▶ Work item
You are asked to write out the full listing exactly as it stands.

▶ Given records
--- START ---

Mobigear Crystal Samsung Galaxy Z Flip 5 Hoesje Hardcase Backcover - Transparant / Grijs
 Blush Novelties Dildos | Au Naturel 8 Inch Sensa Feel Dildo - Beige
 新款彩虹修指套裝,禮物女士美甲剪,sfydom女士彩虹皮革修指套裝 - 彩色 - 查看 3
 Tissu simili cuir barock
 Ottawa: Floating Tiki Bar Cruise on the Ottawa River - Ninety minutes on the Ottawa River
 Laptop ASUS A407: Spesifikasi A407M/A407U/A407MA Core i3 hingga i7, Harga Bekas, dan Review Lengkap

--- END ---

▶ Problem solution
Mobigear Crystal Samsung Galaxy Z Flip 5 Hoesje Hardcase Backcover - Transparant / Grijs
 Blush Novelties Dildos | Au Naturel 8 Inch Sensa Feel Dildo - Beige
 新款彩虹修指套裝,禮物女士美甲剪,sfydom女士彩虹皮革修指套裝 - 彩色 - 查看 3
 Tissu simili cuir barock
 Ottawa: Floating Tiki Bar Cruise on the Ottawa River - Ninety minutes on the Ottawa River
 Laptop ASUS A407: Spesifikasi A407M/A407U/A407MA Core i3 hingga i7, Harga Bekas, dan Review Lengkap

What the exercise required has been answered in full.